DATA SUPPLIED START

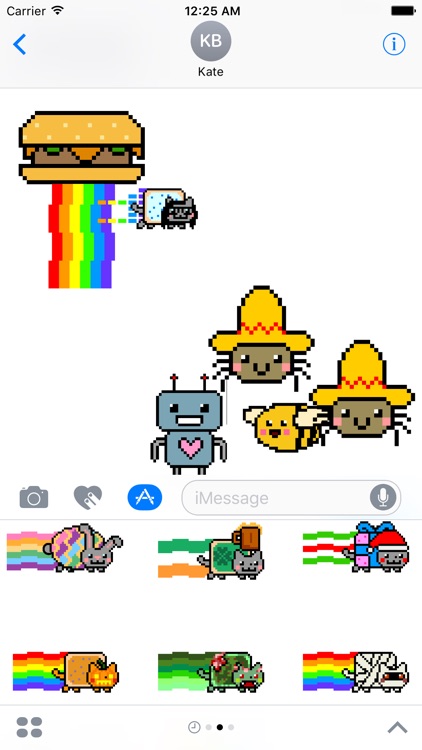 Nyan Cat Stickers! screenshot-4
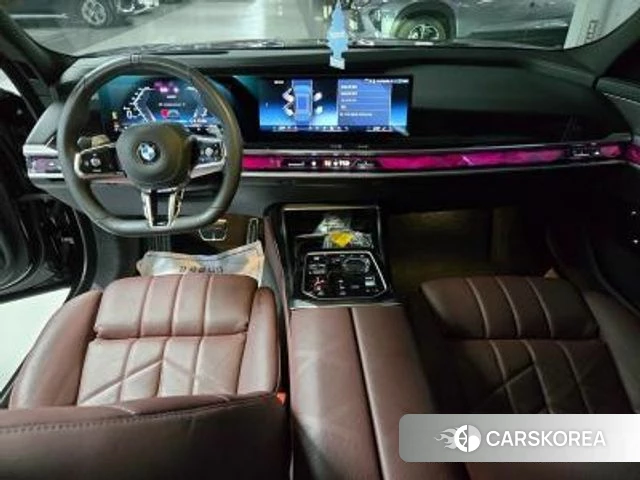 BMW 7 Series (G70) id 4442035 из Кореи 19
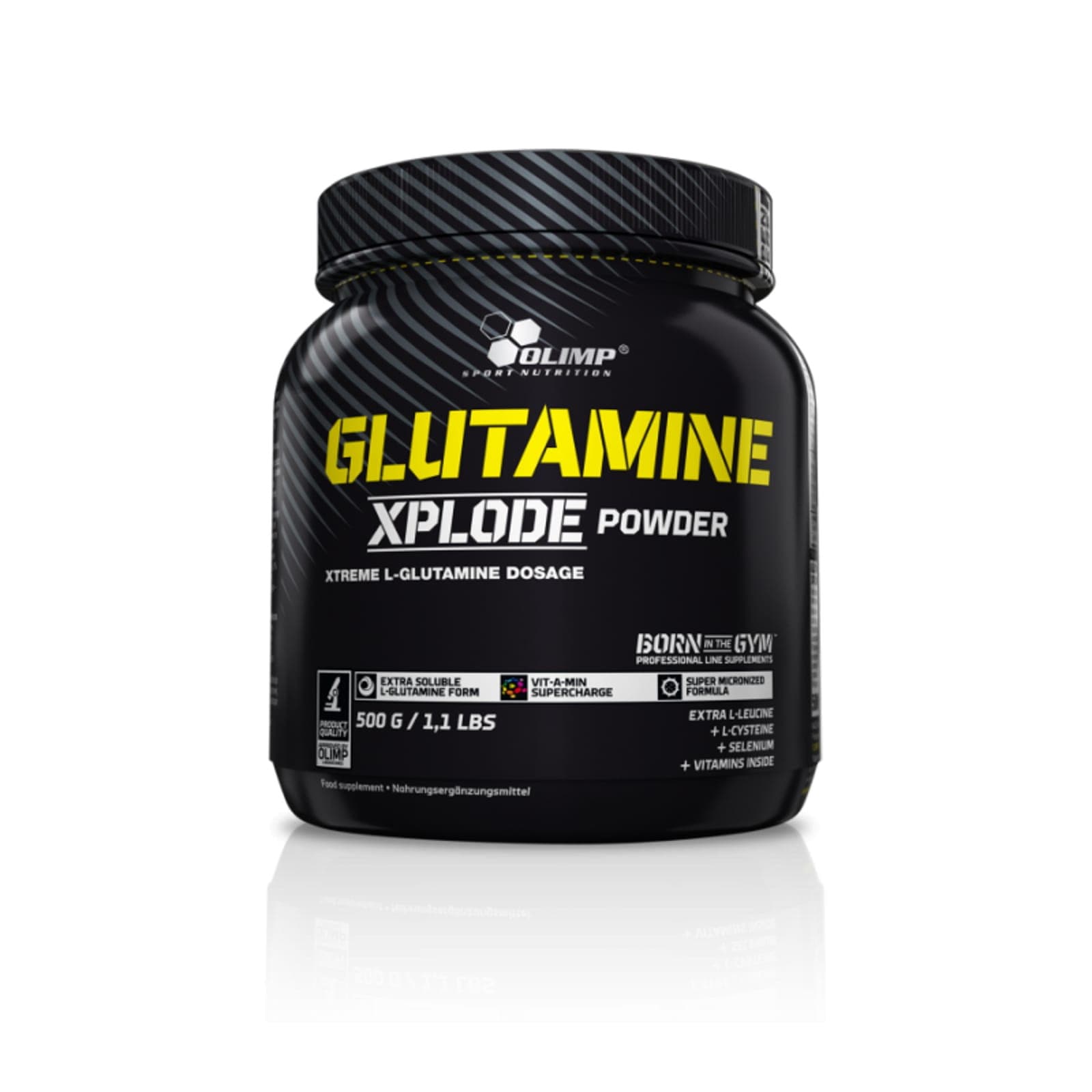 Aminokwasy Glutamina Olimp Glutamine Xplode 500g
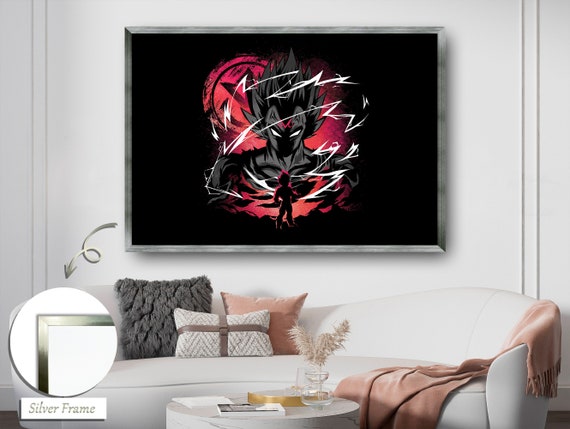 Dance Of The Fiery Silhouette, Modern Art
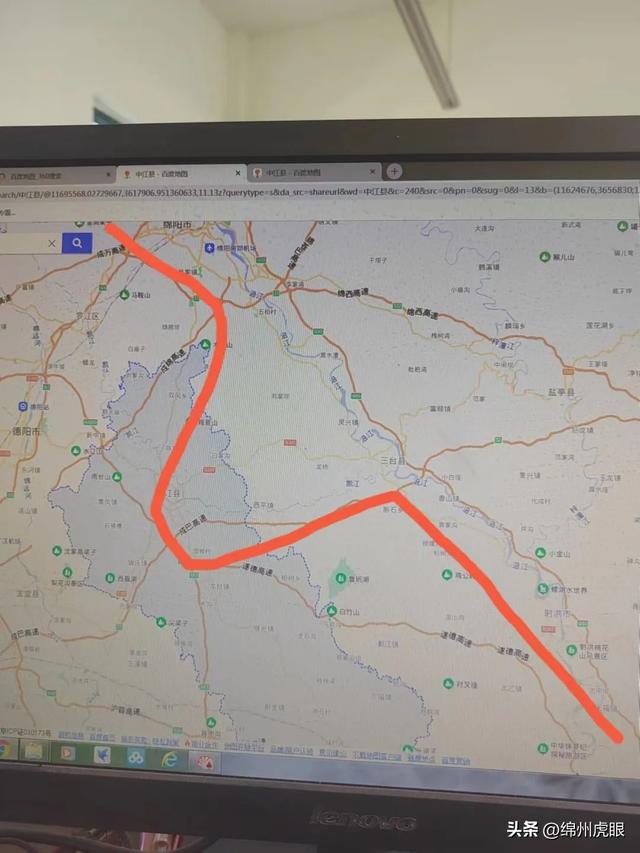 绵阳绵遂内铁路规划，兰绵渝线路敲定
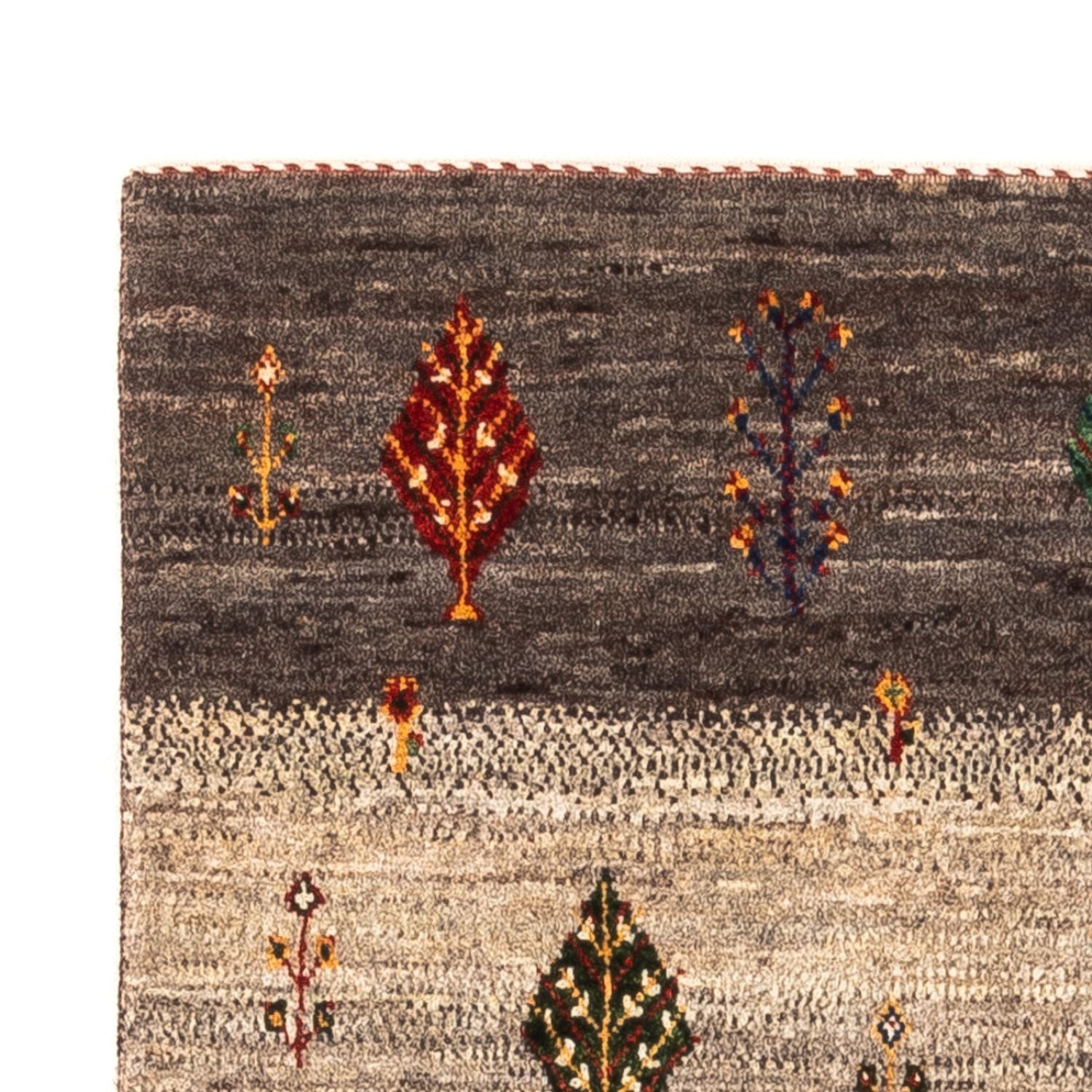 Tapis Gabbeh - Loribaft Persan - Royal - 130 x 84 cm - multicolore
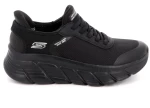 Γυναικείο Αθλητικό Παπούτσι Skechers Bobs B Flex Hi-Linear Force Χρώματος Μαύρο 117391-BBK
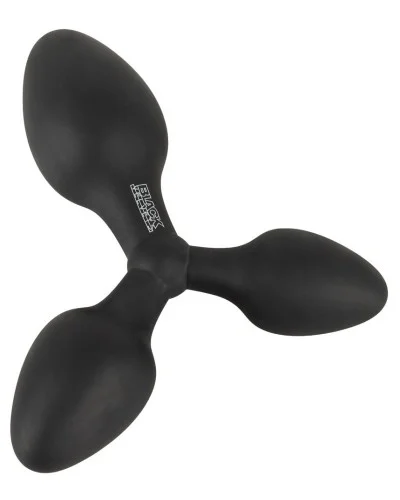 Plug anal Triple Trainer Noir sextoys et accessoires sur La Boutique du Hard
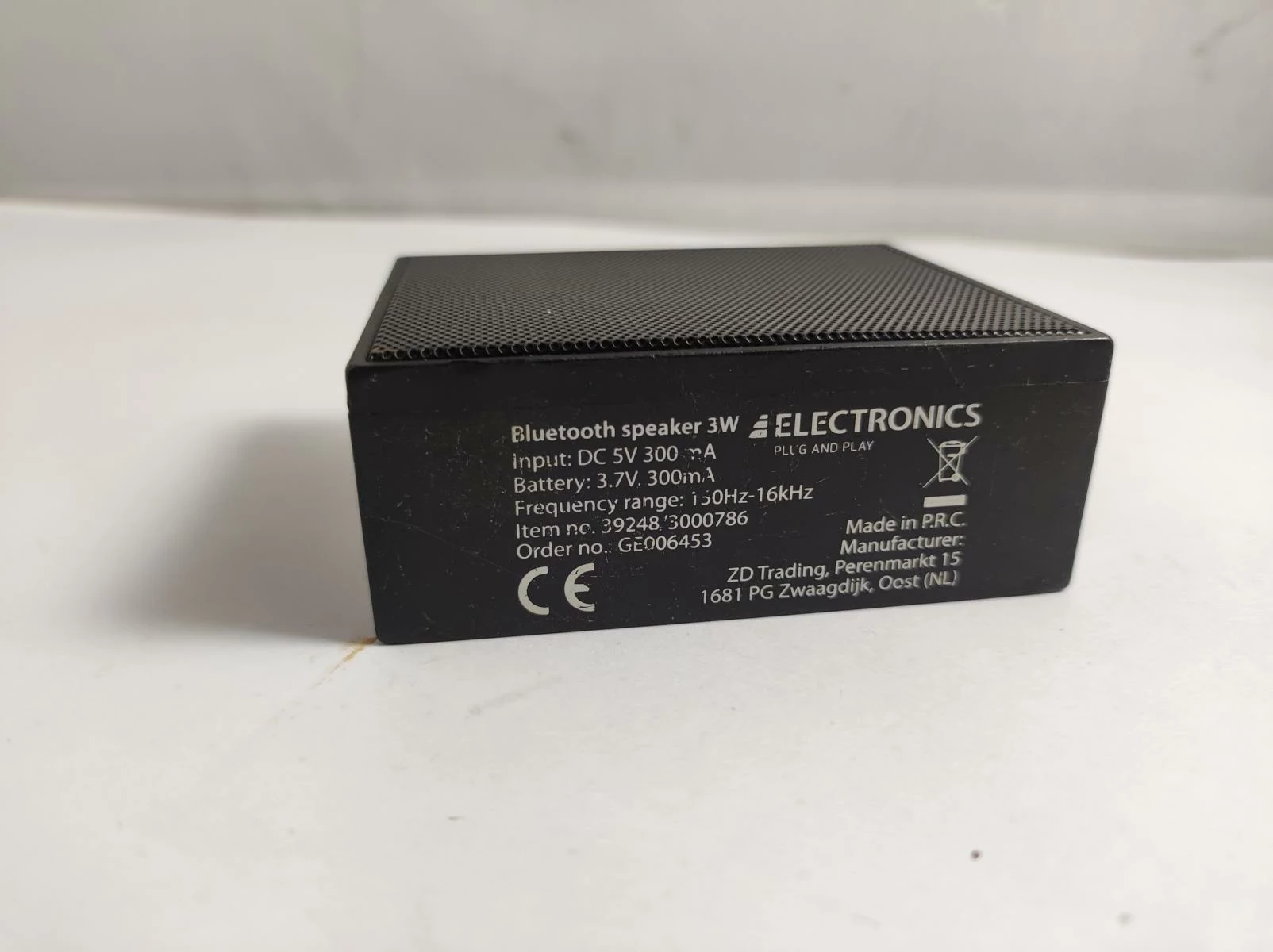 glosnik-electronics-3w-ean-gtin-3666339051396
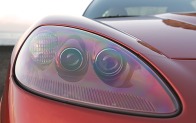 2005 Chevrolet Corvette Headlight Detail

DATA SUPPLIED END

> **WORK REQUIRED**: Take the line containing "Γυναικείο Αθλητικό Παπούτσι" and every line after it up to the end of the data, and write them out exactly, without the pictures.

> **REPLY**:
 Γυναικείο Αθλητικό Παπούτσι Skechers Bobs B Flex Hi-Linear Force Χρώματος Μαύρο 117391-BBK
 Plug anal Triple Trainer Noir sextoys et accessoires sur La Boutique du Hard
 glosnik-electronics-3w-ean-gtin-3666339051396
 2005 Chevrolet Corvette Headlight Detail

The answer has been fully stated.